Welcome to the first in a short series on British prison films. There may not be a mountain of great films in this genre, but the best ones are crackers!
THE CRIMINAL (1960)
Known as The Concrete Jungle in the States, Joseph Losey’s film is a hard-edged examination of the rage and resentment of prison life that went well beyond the prevailing cinematic norms of its day and got itself into a bit of trouble with the censors as well as a fair number of critics. Stanley Baker plays Johnny Bannion, an uncompromising hard man who does not gladly suffer fools, or anyone else much, and the film – in gritty, atmospheric black and white, with snappy dialogue and plenty of sharp performances – boils over from time to time into the kind of violent chaos that put it years ahead of its time and must have influenced the likes of Scum many years later.

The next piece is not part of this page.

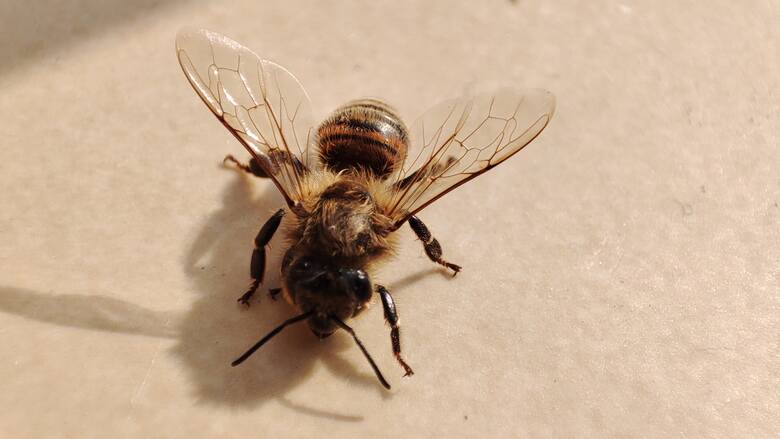 Na świecie znanych jest ponad 20 tys. gatunków pszczół, tak ważnych dla nas owadów,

Stanley Baker, of course, was one of those film stars with gangster connections; he was a habitué of London’s West End and manager, for a time, of Soho United, the villains’ football team. Here we see him flanked by Frankie Fraser and Eddie Richardson .
This one provoked even more outrage and condemnation on its release in 1979 (putting it close in time to the violent negative energy released into British Society by Punk and the football hooligans) than The Criminal did nineteen years before. By the standards of the time it was as raw as could be imagined and still get a release, but since then Alan Clarke’s graphic, hard-boiled classic has come to enjoy iconic status, not only amongst prison film buffs but in British cinema as a whole, with its cult following eventually blossoming into critical acclaim.
A fresh-faced Ray Winstone (who, though he doesn’t know it yet, will one day find himself, by hook or by crook, playing Harry Hawkins in a London Large movie) explodes onto the screen as Carlin, a young thug who rises through the ranks of the prison inmates through a calculated campaign of brutal and unforgiving violence. Clarke creates a portrait of an institution that fails both its employees and inmates in such a way as to make inevitable the climactic eruption of rioting (led by Carlin, by now ‘The Daddy’) and attempt to overthrow the authority of the ‘screws’ through sheer rage and brute force.
Note: Scum isn’t actually set in a prison as such, but a Borstal – an institution for young offenders. It’s well worth comparing this portrayal of Borstal life with the earlier and relatively gentle but no less iconic Loneliness of the Long Distance Runner of 1962, directed by Tony Richardson on the basis of an Alan Sillitoe story.